Department of Orthopaedic Surgery, Case Western Reserve School of Medicine, Cleveland, OH.
University Hospitals Cleveland Medical Center, Cleveland, OH.
Iowa Orthop J. 2020;40(2):46-52.
Combined hip arthroscopy and periacetabular osteotomy (PAO) allows for treatment of intra-articular hip pathology with simultaneous correction of acetabular version and femoral head coverage in patients with symptomatic hip dysplasia. Currently, scant data is available to surgeons regarding optimal technique, sequence of repair, perioperative management, and the use of intra-abdominal monitoring in patients undergoing these combined procedures.
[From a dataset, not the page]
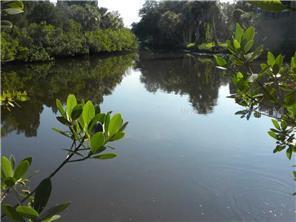 5035 Bay Blvd., Port Richey, FL 34668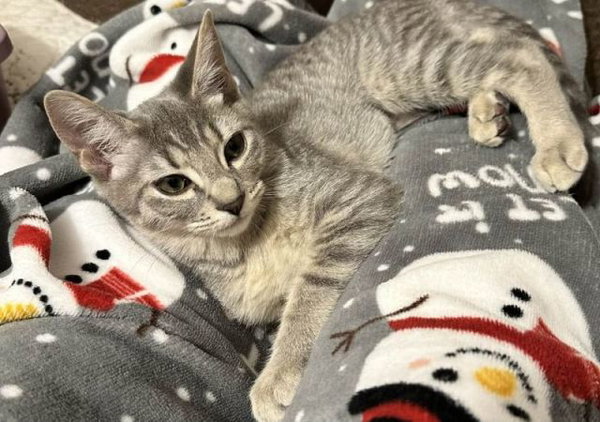 ZIVA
The purpose of this study is to describe a two-surgeon, muscle-sparing, approach for sequential hip arthroscopy and PAO for the treatment of adults with acetabular dysplasia and concomitant intra-articular hip pathology.
In this article, we present the indications for combined hip arthroscopy and PAO, in addition to patient set-up and positioning. A detailed discussion of hip arthroscopy and a muscle sparing PAO techniques are then presented, with overview of a novel intra-abdominal pressure monitoring technique and post-operative rehabilitation protocol.
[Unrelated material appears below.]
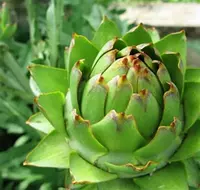 Швейцария - 506 689.6 сум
Through technical refinement and experience, our indications and protocol for the treatment of patients with symptomatic acetabular dysplasia with concomitant intra-articular hip pathology involves a refined and reproducible, two surgeon procedure utilizing hip arthroscopy followed by PAO. The use of intra-abdominal monitoring allows for assessment of intra-peritoneal pressures to monitor for the development of abdominal compartment syndrome secondary to fluid extravasation.
The performance of concomitant hip arthroscopy and PAO for concurrent hip dysplasia and intra-articular hip pathology represents an increasingly common approach in hip preservation surgery. The hip arthroscopy and muscle-sparing PAO protocol using intra-abdominal monitoring described here serves to further refine and advance the indications and technical aspects of this challenging procedure..
髋关节镜检查与髋臼周围截骨术(PAO)相结合,可治疗髋关节腔内病变,同时矫正髋臼倾斜和髋关节发育不良患者的股骨头覆盖。目前,外科医生可获得的关于最佳技术、修复顺序、围手术期管理以及在接受这些联合手术的患者中使用腹腔内监测的相关数据非常有限。本研究的目的是描述一种双关节镜、肌肉保留的方法,用于治疗髋臼发育不良和髋关节腔内病变的成人。
在本文中,我们介绍了髋关节镜检查与髋臼周围截骨术联合应用的适应证,以及患者的准备和体位。然后详细讨论了髋关节镜检查和一种肌肉保留的 PAO 技术,概述了一种新的腹腔内压力监测技术和术后康复方案。
通过技术改进和经验积累,我们对伴有髋关节腔内病变的髋臼发育不良患者的治疗适应证和方案进行了改进和重复,采用两名外科医生的髋关节镜检查和 PAO 联合手术。腹腔内监测的使用可以评估腹腔内压力,以监测由于液体外渗引起的腹腔间隔室综合征的发生。
髋关节镜检查与髋臼周围截骨术联合治疗髋关节发育不良和髋关节腔内病变是髋关节保手术中越来越常见的方法。本文所述的使用腹腔内监测的髋关节镜检查和肌肉保留的 PAO 方案,进一步完善和推进了这一具有挑战性的手术的适应证和技术方面。